Child Psychiatry Faces Workforce Shortage: Page 3 of 6

Kashurba is the only child psychiatrist in a four-county area of rural Pennsylvania that is roughly the size of Massachusetts and home to about half a million people, he said. He evaluates 500 to 1,000 children a year.

He works at six different sites: an outpatient facility; an intermediate unit for special education services, where he established an autism assessment program; a partial-hospitalization facility; a residential treatment center; a small outpatient private practice that includes legal work; and a maximum-security prison for juvenile offenders.

After 15 years of working in the area, Kashurba said that he has given up on the idea of recruiting another child psychiatrist. "They just don't come here," he said. And with a dearth of child psychiatrists, "What ends up happening is that kids need services and they end up seeing somebody other than a child psychiatrist for those services."

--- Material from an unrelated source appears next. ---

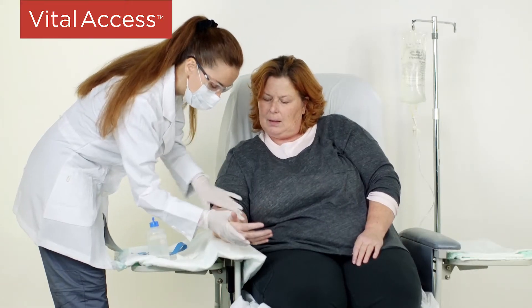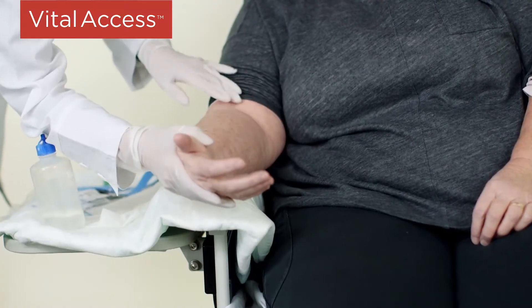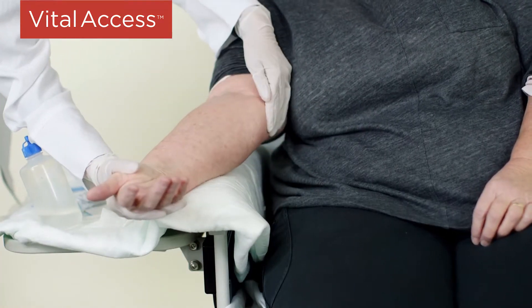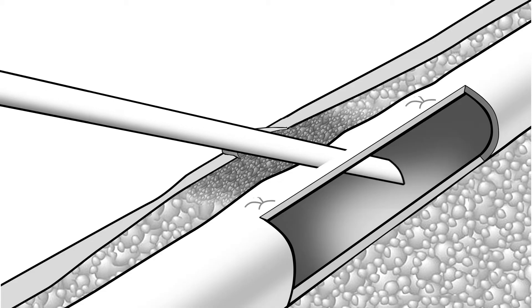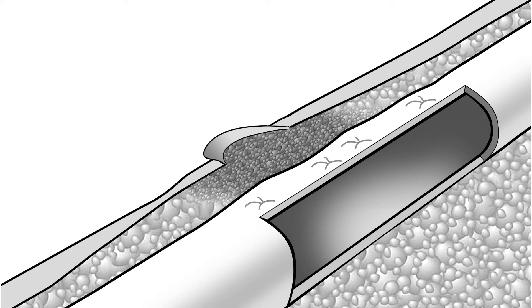Buttonhole technique has many limitations. It is unguided, relies heavily on the cannulator's skill set and the patient's anatomy, and is affected by shifting arm and fistula positions from one dialysis session to the next. Because there are no means to ensure a single cannulation path, use of freehand buttonhole technique may result in multiple vessel puncture sites and aneurysm.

That, he said, places additional stress on the system by forcing adult psychiatrists, pediatricians and family physicians to spend time practicing outside of areas where they feel comfortable.

Kashurba is co-chair of AACAP's workgroup on consumer issues. The group puts together the "Facts for Families" portion of the academy's Web site and strives to make the role of child and adolescent psychiatrists more visible within the general and mental health care systems.

"You have to be very creative in what you do," he said. "You have to have good working relationships with the psychologists, the pediatricians, the family doc."

Having been in the Somerset, Pa., area for so long, Kashurba has established those relationships. When he first moved there, he set up an inpatient psychiatric facility for adults and adolescents at the local hospital. He was able to work closely with other physicians, allowing him to gain their trust.

When he left the hospital to devote his practice to child and adolescent psychiatry, doctors felt comfortable calling him for advice about managing their young patients' medications, he said.